Work to be completed: Any picture in the listing is left out of the copy; all else is duplicated exactly.

Data section:
------------------------------------------------------------

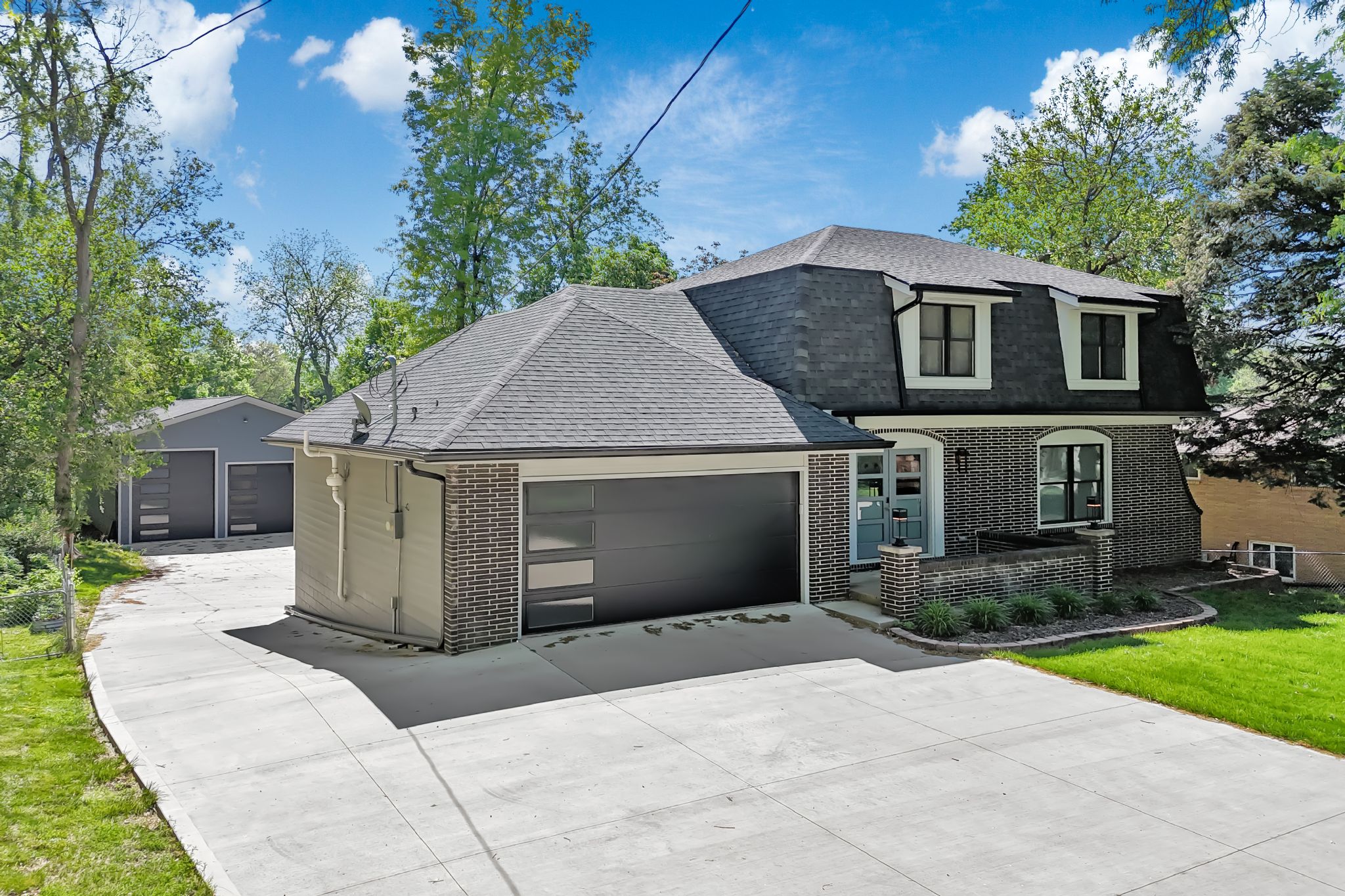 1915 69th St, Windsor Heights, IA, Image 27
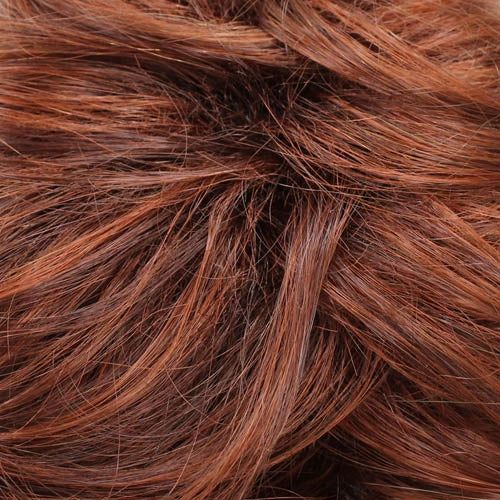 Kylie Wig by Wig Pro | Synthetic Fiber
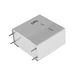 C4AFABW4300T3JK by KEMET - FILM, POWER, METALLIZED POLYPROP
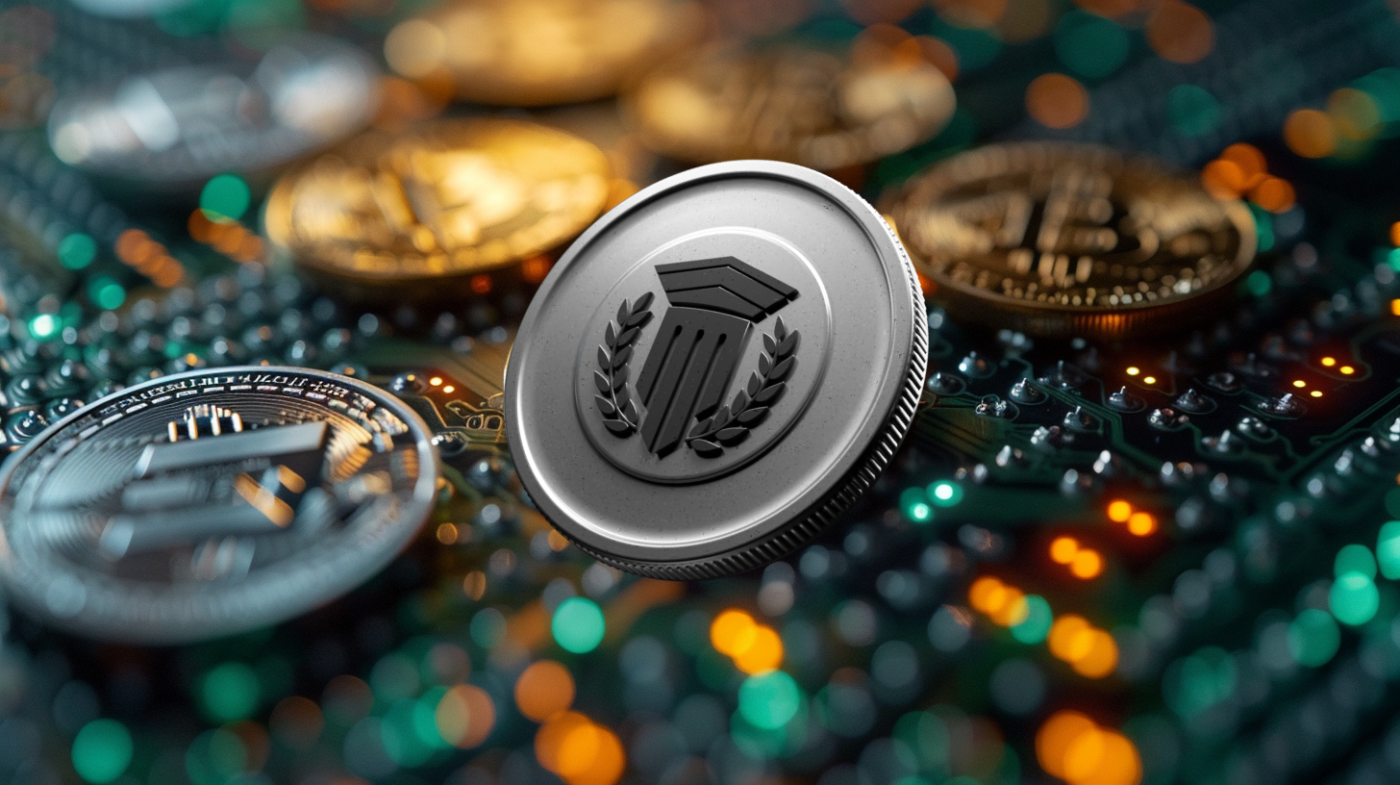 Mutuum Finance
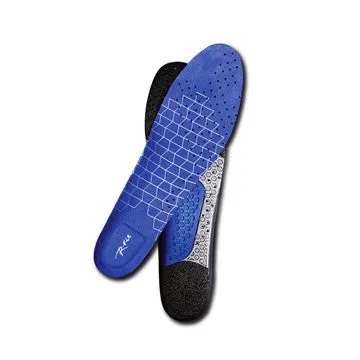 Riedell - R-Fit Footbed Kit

------------------------------------------------------------

Result of the exercise:
 1915 69th St, Windsor Heights, IA, Image 27
 Kylie Wig by Wig Pro | Synthetic Fiber
 C4AFABW4300T3JK by KEMET - FILM, POWER, METALLIZED POLYPROP
 Mutuum Finance
 Riedell - R-Fit Footbed Kit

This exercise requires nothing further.